たまに訪れる食料品店の入口でオーガニックの野菜を店頭販売する農家さんがいる日があるんですが、一つ一つ野菜を育てた思いなんかを説明をしてくれるんですよ。そうすると食べているときにその野菜の背景や農家さんの顔が頭に浮かぶ。僕はそういう時に豊かだなと思うんです。そうやって人や自然と繋がりができていく。繋がりが生まれていけば、お互いのことを気にかけるようにもなるんじゃないかなと。それが、エコフレンドリーな生活の根本にあるんじゃないかと感じます。

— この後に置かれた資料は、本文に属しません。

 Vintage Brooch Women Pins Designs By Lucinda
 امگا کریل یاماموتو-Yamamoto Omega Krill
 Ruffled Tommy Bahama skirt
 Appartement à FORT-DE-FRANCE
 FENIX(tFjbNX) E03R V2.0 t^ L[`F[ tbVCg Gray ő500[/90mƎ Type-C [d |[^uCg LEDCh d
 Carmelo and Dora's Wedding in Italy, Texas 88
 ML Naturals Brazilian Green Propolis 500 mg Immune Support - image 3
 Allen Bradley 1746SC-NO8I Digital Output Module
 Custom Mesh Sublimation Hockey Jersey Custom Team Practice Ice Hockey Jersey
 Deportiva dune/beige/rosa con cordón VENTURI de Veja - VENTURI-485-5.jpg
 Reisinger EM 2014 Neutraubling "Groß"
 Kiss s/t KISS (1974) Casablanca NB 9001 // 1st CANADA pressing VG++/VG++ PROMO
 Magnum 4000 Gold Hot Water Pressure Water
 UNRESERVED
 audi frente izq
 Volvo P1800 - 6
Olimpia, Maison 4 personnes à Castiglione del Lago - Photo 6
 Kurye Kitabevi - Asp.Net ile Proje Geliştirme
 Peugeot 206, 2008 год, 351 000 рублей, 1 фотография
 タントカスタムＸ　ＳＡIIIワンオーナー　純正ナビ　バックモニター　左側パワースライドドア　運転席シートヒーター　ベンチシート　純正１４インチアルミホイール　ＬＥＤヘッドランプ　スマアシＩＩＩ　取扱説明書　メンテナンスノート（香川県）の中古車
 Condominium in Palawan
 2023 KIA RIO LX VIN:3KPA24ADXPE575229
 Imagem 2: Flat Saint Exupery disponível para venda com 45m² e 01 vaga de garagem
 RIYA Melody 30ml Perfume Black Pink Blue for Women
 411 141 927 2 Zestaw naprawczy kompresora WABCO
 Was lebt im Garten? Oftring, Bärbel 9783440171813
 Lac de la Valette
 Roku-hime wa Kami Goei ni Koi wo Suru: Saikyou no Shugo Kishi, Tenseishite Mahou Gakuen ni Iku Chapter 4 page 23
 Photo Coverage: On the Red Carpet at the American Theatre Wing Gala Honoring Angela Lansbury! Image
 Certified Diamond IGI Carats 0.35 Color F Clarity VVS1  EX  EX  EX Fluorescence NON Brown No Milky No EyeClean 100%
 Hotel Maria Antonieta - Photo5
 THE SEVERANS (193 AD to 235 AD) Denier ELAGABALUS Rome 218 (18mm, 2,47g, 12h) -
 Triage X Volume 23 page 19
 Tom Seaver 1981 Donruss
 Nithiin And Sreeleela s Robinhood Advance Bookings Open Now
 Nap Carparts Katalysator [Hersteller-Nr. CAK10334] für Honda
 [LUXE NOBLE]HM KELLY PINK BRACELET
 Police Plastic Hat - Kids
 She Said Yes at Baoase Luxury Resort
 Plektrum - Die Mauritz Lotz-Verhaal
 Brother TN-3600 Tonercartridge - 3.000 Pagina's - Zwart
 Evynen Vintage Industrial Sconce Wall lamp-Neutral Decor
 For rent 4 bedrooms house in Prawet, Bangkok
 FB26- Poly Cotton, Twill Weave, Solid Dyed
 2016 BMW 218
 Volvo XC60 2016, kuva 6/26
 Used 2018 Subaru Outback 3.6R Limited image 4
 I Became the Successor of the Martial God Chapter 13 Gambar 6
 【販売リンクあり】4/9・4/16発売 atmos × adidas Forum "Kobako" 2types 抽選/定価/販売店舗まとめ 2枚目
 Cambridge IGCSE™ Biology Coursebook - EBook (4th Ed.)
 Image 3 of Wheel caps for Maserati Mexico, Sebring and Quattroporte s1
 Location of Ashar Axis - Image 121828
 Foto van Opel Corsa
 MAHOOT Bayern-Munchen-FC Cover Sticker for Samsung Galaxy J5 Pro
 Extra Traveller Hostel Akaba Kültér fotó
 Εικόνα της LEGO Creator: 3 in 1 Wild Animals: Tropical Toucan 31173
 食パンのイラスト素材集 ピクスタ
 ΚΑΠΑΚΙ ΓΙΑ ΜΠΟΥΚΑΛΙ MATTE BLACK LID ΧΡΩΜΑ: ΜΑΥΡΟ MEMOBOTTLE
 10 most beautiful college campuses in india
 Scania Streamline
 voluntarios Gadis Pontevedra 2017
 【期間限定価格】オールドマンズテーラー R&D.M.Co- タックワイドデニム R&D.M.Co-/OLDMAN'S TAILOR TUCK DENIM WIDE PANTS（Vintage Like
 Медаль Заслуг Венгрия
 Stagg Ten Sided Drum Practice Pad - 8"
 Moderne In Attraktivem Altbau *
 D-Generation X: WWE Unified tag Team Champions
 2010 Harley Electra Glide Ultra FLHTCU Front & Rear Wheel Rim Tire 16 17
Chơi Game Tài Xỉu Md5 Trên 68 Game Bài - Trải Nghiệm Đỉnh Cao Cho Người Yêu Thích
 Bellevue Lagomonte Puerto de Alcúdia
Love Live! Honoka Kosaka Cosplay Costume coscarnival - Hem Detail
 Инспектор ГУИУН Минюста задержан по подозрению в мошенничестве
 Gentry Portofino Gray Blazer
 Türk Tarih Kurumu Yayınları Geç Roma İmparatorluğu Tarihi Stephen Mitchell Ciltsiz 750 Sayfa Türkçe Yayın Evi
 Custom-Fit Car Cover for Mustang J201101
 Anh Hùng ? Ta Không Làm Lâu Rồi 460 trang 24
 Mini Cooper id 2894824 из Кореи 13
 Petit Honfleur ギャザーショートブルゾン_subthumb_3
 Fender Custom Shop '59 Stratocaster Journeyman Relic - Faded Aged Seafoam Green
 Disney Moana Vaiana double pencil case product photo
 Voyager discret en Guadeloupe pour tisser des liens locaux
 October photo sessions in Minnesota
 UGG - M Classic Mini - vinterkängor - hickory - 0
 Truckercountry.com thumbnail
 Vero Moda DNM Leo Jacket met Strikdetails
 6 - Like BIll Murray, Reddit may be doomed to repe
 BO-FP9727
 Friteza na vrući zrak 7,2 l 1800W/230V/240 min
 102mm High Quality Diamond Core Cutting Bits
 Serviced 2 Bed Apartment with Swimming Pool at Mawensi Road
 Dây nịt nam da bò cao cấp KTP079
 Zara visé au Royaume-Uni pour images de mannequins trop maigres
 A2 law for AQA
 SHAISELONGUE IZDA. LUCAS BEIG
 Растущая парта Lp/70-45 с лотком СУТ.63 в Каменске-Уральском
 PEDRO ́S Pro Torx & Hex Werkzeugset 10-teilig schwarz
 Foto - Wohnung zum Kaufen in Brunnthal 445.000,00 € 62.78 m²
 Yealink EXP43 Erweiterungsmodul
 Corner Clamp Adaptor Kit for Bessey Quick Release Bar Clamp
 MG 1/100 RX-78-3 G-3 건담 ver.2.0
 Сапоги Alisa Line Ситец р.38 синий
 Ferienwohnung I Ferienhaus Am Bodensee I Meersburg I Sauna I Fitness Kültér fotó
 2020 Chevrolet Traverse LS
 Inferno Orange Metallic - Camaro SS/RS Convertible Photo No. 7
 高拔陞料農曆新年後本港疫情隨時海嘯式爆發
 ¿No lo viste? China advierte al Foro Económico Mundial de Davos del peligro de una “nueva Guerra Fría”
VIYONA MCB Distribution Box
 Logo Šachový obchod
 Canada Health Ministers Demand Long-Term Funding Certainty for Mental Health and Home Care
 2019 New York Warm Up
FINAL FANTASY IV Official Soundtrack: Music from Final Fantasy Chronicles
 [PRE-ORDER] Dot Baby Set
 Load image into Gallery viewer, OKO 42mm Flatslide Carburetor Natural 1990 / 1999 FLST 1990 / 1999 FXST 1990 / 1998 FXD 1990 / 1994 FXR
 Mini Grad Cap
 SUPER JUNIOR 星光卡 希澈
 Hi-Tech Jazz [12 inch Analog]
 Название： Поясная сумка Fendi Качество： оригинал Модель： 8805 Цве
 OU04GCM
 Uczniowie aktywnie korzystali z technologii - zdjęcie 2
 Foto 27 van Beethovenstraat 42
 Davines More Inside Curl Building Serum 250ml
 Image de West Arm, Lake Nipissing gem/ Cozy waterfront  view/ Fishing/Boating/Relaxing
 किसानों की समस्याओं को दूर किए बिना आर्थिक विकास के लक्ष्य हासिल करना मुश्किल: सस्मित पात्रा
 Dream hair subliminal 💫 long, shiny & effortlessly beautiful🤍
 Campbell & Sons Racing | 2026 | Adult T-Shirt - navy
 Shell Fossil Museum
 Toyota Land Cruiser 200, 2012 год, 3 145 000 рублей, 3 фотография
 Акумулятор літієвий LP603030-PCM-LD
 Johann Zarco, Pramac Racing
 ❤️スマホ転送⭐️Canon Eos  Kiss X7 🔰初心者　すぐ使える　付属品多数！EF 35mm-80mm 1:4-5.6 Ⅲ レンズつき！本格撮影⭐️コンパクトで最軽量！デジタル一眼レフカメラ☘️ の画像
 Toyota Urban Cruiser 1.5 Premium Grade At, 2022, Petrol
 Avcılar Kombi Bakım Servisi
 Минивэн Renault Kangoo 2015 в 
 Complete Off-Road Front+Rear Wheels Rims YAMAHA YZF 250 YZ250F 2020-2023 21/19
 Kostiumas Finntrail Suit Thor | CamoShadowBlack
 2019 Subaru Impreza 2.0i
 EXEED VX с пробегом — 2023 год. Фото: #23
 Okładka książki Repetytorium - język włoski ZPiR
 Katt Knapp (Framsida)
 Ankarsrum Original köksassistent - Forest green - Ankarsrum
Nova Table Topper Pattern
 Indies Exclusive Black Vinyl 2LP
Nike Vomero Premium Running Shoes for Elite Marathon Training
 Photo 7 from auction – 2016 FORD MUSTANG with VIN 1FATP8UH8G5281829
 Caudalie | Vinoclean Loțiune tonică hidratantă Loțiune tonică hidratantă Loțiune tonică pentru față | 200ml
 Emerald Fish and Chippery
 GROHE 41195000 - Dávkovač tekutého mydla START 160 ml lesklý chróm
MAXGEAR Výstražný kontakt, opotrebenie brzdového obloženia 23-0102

――『パタゴニア』の創業者、イヴォン・シュイナード氏が自分が着る用のTシャツを増やさないようにしていることに感銘を受け、自らもそうしているという辻井さん。「写真を撮るならシミだらけじゃない、もっと綺麗なTシャツを着て来ればよかった。シミだらけのしかないんだけどね!」。そう話す笑顔は、まるで自然を守り育てる森のように豊かに満ちて見えました。
【辻井隆行さん Profile】
1968年生。早稲田大学大学院社会学科学研究科(地球社会論)修士課程修了。99年、パートタイムスタッフとしてパタゴニア東京・渋谷ストアに勤務。2000年、正社員として入社。2009年から2019年まで日本支社長を務める。現在は自然と親しむ生活を送りながら、企業やNPOのビジョン・戦略策定を手伝いつつ、『#いしきをかえよう』の発起人の一人として市民による民主主義や未来のあり方を問い直す活動を続ける。2016年、日経ビジネス「次代を創る100人」に選出。